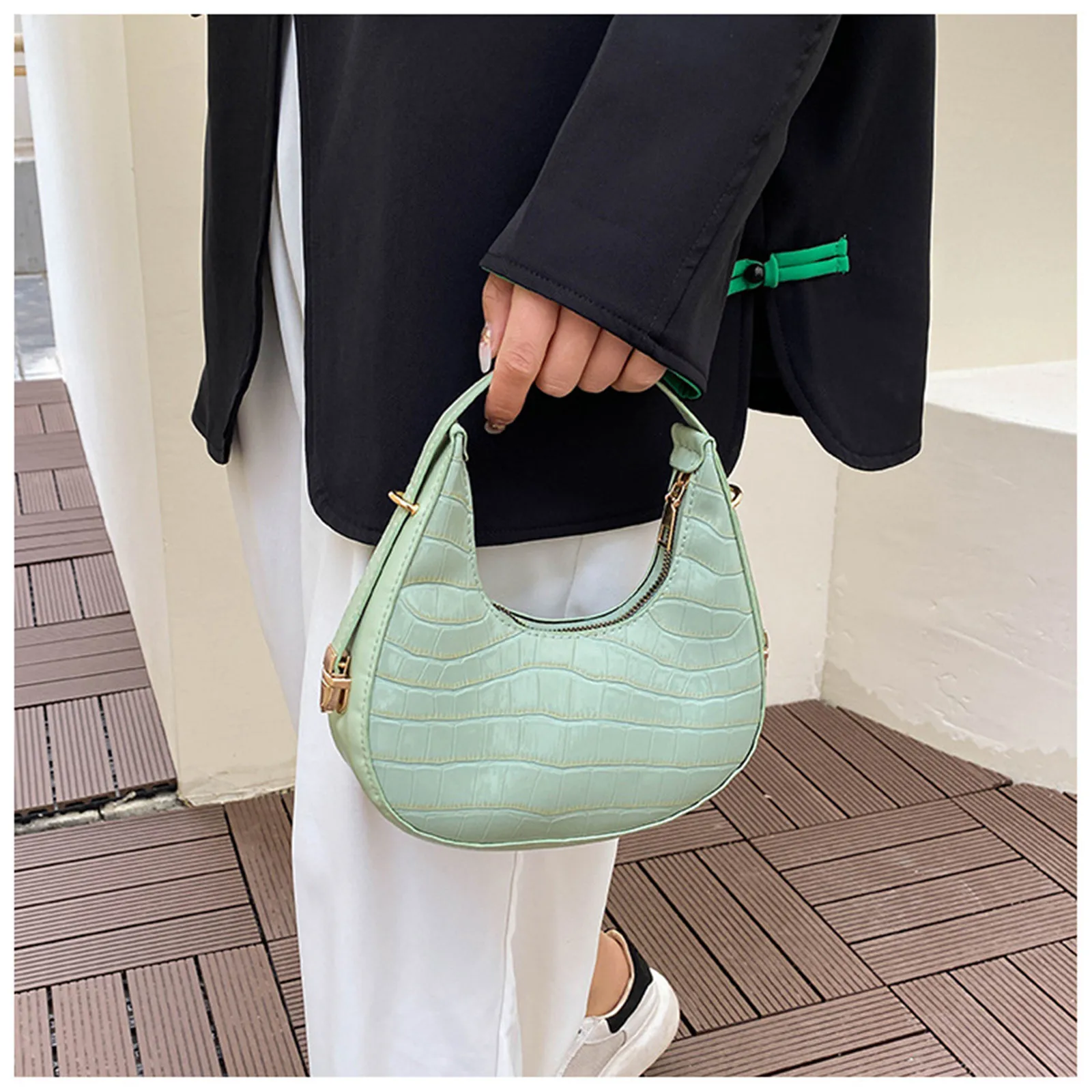 Fashion Stone Pattern Shoulder Bag - Material Texture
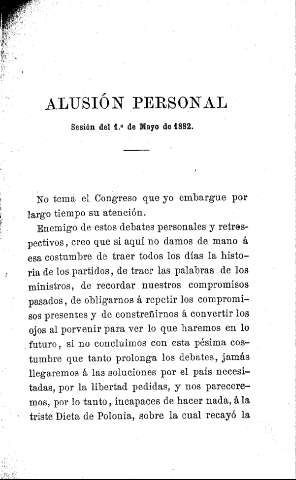 Alusión personal. Sesión del 1º de Mayo de 1882
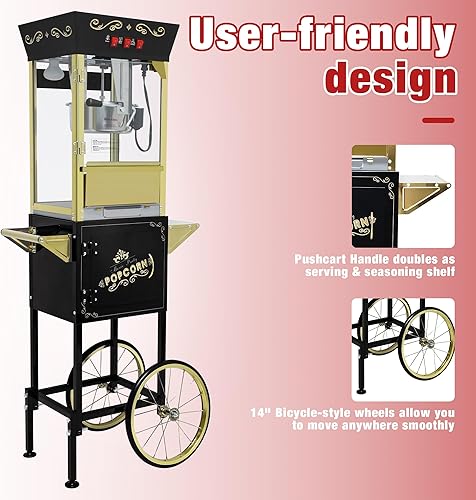 Miniatura 5 de Máquina comercial de palomitas de maíz vintage negra con carrito y luz más cálida, 12 onzas de acero inoxidable para 60 tazas para teatro, fiestas y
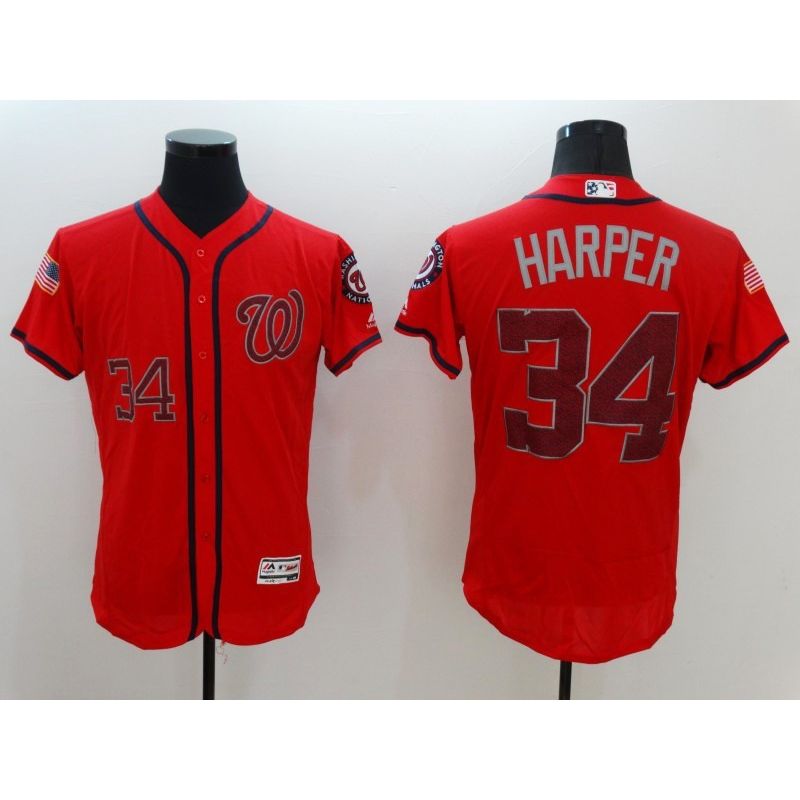 Cheap Bryce Harper Nationals Jersey From China Red Fashion Stars & Stripes 2016 FLEXBASE #34 in Men Women Youth Size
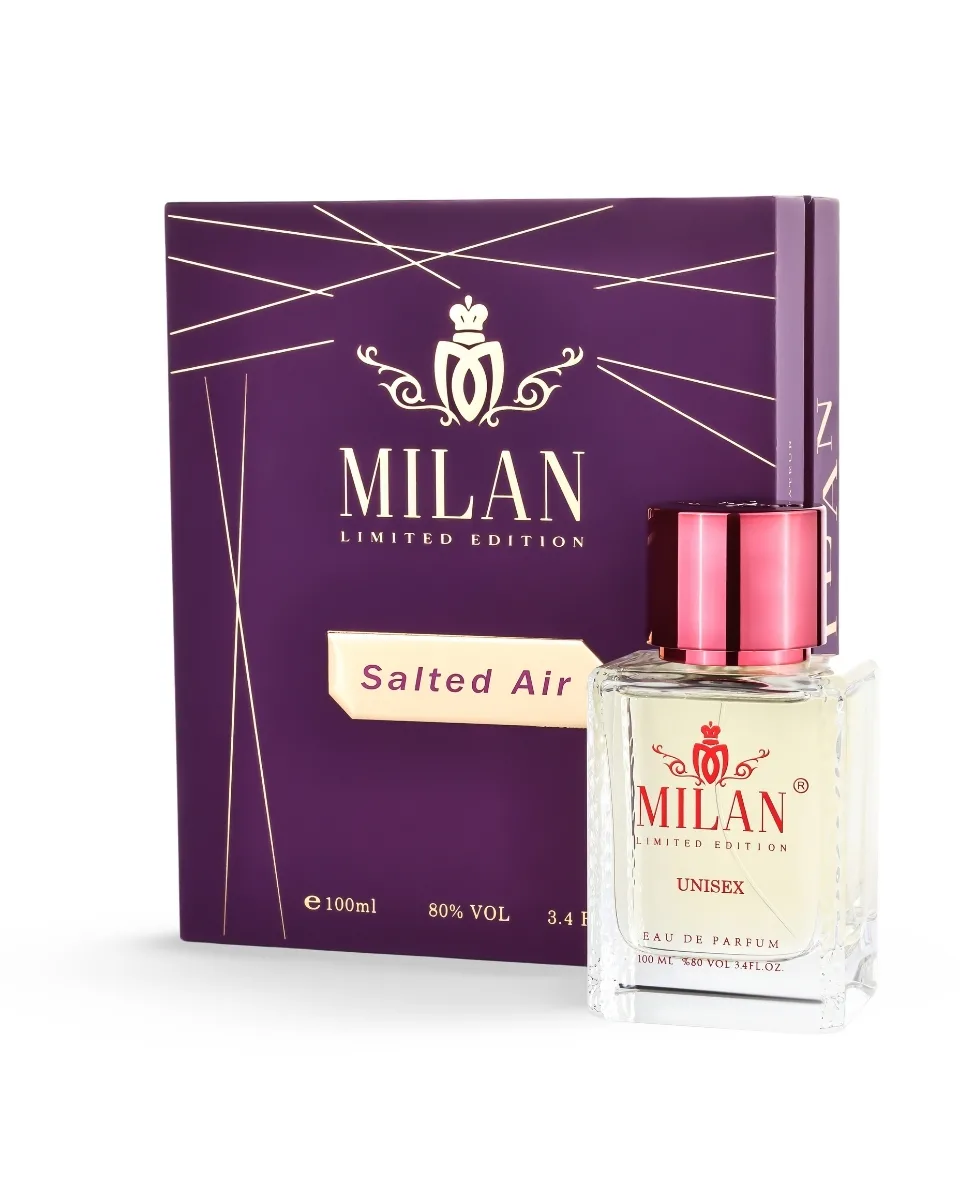 Milan Limited Edition Salted Air perfume box in purple with a clear bottle and pink cap placed beside it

--------------------------------

◆ **Work order**:
Look above for the line holding "Alusión personal. Sesión" and output everything from it down to the line holding "Miniatura 5 de", both ends included, exactly and without images.

◆ **Answer for this exercise**:
 Alusión personal. Sesión del 1º de Mayo de 1882
 Miniatura 5 de Máquina comercial de palomitas de maíz vintage negra con carrito y luz más cálida, 12 onzas de acero inoxidable para 60 tazas para teatro, fiestas y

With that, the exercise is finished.